**EXERCISE DIRECTIONS**
Exercise in exact copying: restate word for word only the lines below from the one containing "Имя файла=2014-01-19_08_47_53.jpg" through the one containing "Дата=Март 14, 2014 2014-01-19_08_47_53.jpg", omitting any pictures.

**SOURCE MATERIAL**
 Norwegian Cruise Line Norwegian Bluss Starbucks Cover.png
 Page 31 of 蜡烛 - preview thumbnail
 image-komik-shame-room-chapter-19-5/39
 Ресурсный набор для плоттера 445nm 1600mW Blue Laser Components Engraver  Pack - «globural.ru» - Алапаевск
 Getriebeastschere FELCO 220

--

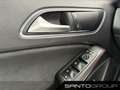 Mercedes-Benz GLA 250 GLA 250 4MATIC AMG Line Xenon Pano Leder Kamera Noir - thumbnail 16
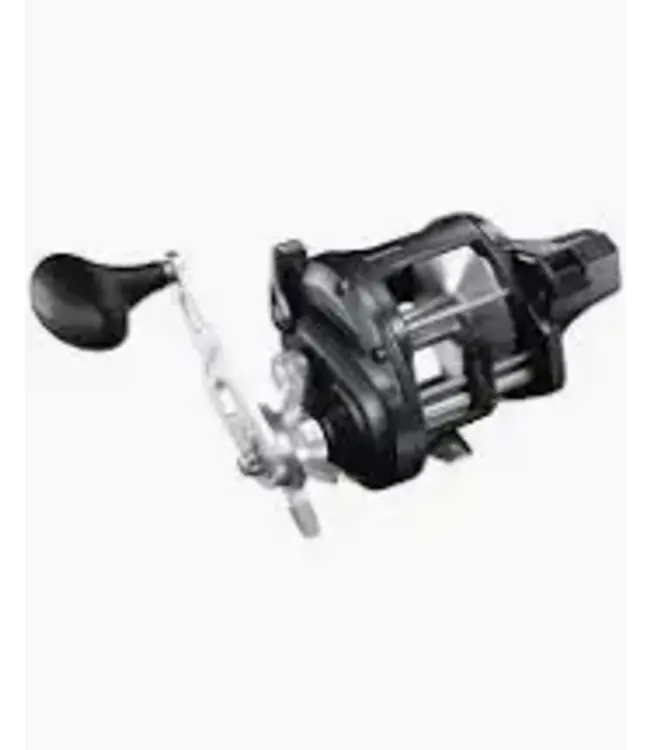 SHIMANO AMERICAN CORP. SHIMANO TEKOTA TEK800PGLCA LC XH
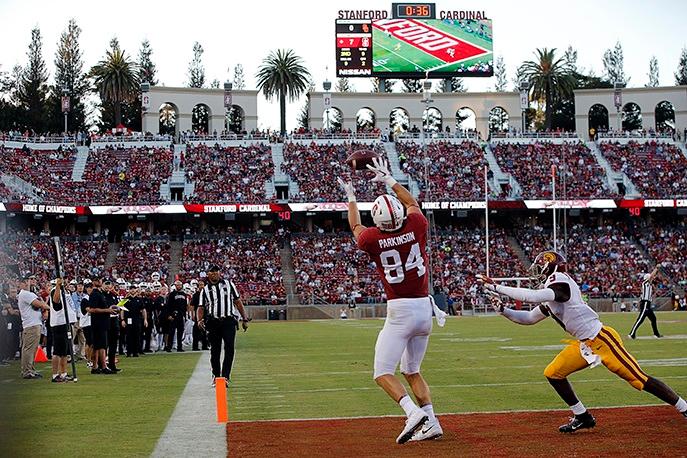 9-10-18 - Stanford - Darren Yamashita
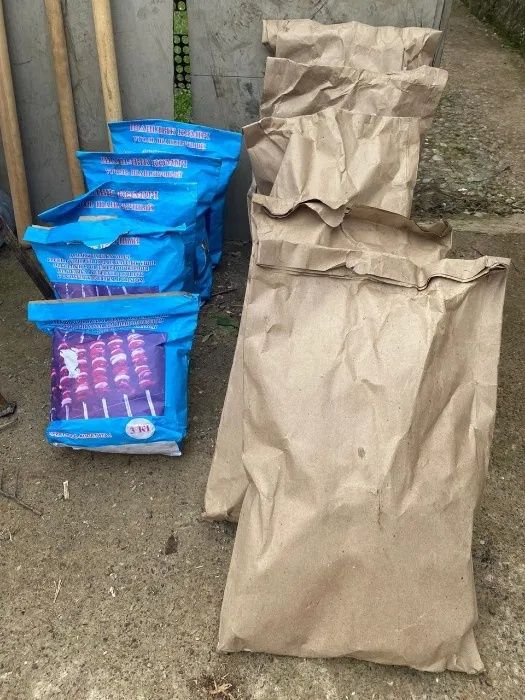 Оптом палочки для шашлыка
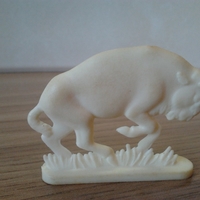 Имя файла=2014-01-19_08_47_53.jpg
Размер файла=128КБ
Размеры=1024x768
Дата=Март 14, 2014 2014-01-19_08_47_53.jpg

**THE COMPLETED TASK**
 Имя файла=2014-01-19_08_47_53.jpg
Размер файла=128КБ
Размеры=1024x768
Дата=Март 14, 2014 2014-01-19_08_47_53.jpg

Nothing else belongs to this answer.